Auch die Rottenburger Gruppe wird wohl bald wieder vor Gericht stehen. Jetzt stünde am 11.11.2020 das Hauptsacheverfahren vor dem Landgericht Landshut an. Danach wird es wohl vor das OLG gehen. Übereinstimmend erklärten Insider, dass vom VDM zu hören sei, dass dieser diesmal bis vor den Europäischen Gerichtshof gehen wolle. Es kann also noch unruhig werden, in den nächsten Monaten und Jahren. Denn solange wird das gesamte Verfahren zweifellos dauern. Es sei denn, es kehrt Vernunft ein.

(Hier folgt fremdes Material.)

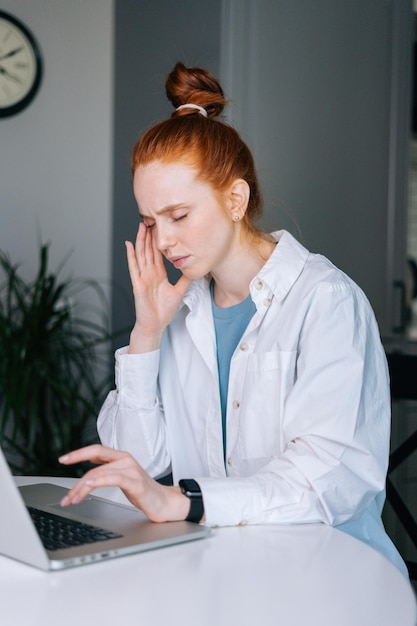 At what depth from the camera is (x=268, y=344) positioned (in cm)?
165

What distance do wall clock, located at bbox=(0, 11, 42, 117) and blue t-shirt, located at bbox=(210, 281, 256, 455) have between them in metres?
2.09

Verbraucherzentrale zeigt die Fallstricke

Die Wasserversorger, so erklärte es anschließend Angela Clausen von der Verbraucherzentrale NRW in ihrem Vortrag, seien gesetzlich sogar verpflichtet, detaillierte Angaben über die Trinkwasserqualität zu machen. Diese Verpflichtung werde durch die zukünftige EU-Trinkwasserrichtlinie noch verstärkt. Diese verpflichtet die Wasserversorger in Europa zu weitreichenden Informationen über das Leitungswasser. Zudem seien es ja auch die Politiker in Berlin und Brüssel, die dem Leitungswasser aus ökologischen Gründen den Vorzug einräumen wollen. So solle dies öffentlich zugänglich und in Gaststätten angeboten werden. Weil es sich daher um ein mittlerweile europäisches Thema handele, erwarte sie, dass der BHG das Verfahren an den EuGH weiterreichen werde. Die Expertin der Verbraucherzentrale zeigte sich in ihrem Vortrag bestens informiert über das Thema und dürfte für viele Wasserversorger auch eine gute Adresse dafür sein, was zulässig sei und was man besser lassen sollte.

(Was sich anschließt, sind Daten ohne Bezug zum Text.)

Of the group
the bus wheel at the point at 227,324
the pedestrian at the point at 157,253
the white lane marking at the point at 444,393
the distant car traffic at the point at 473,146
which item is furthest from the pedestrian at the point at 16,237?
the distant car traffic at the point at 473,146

Auch der BDEW will Hilfestellung geben

Dr. Stefan Koch vom BDEW gab abschließend wertvolle Einblicke in das Verhältnis zwischen der Mineralwasserbranche und den Wasserversorgern. Dabei bedauerte er, dass sich das Verhältnis zwischen den Wasserversorgern und Mineralwasser-Anbietern verschlechtere. Auch Koch liess durchblicken, dass es weitere Verfahren geben werde. Um vor dem Hintergrund der zukünftigen gesetzlichen Anforderungen, die sich in Folge der Änderung der EU-Trinkwasser-Richtlinie ergeben werden, den Wasserversorgern mehr Sicherheit zu bieten, arbeite der BDEW an entsprechenden Hilfestellungen für seine Mitglieder.

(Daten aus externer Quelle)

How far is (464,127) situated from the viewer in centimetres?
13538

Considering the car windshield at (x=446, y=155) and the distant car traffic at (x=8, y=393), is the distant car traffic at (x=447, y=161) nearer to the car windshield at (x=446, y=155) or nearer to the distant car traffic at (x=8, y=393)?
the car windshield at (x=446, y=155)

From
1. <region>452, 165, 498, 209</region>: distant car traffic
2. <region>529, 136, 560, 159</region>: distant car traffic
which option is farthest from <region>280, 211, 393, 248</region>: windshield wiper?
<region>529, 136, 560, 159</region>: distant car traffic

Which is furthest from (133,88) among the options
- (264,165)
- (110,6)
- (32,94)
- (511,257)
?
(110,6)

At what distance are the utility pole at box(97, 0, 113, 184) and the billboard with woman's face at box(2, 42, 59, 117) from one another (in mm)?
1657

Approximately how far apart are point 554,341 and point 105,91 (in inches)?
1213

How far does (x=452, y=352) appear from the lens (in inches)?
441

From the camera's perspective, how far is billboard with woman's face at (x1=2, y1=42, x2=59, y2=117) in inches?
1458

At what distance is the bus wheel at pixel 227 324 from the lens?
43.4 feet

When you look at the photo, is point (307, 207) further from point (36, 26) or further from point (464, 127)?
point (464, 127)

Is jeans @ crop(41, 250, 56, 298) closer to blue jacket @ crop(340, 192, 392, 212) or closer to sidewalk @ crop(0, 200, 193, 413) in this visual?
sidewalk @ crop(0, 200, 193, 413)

Die Wasserwende wird weitergehen

Samuel Höller, Vorstand des gemeinnützigen Vereins a tip:tap und Projektleiter der Wasserwende, zeigte sich sehr zufrieden mit dem Webinar. Die 55 Teilnehmer waren der Beweis dafür, dass vielen das Thema unter den Nägeln brennt. Der Verein wird im Rahmen seiner Projektarbeit die Aufklärungsarbeit rund um das Leitungswasser fortsetzen, denn diese Welle, so Höller, lasse sich nicht mehr aufhalten. Die Menschen nehmen in den zahlreichen Wasserwende-Projekten u.a. in Berlin, Mülheim/Ruhr, Marburg die darin angebotenen Informationen über das Wasser aus der Leitung dankbar auf.

Quellen/Weiterführendes

1 Kommentar

  1. Da Mineralwasser aufgrund des Mülls und der langen Wege umweltproblematisch ist, kaufe ich für mich nie ein Mineralwasser. Wenn ich Wasser trinken möchte, trinke ich nur gesundes Leitungswasser. Ich kaufe Mineralwasser nur für Gäste, die absolut kein gesundes Leitungswasser haben wollen, dann aber nur regionales Mineralwasser, das in Glasflaschen angeboten wird.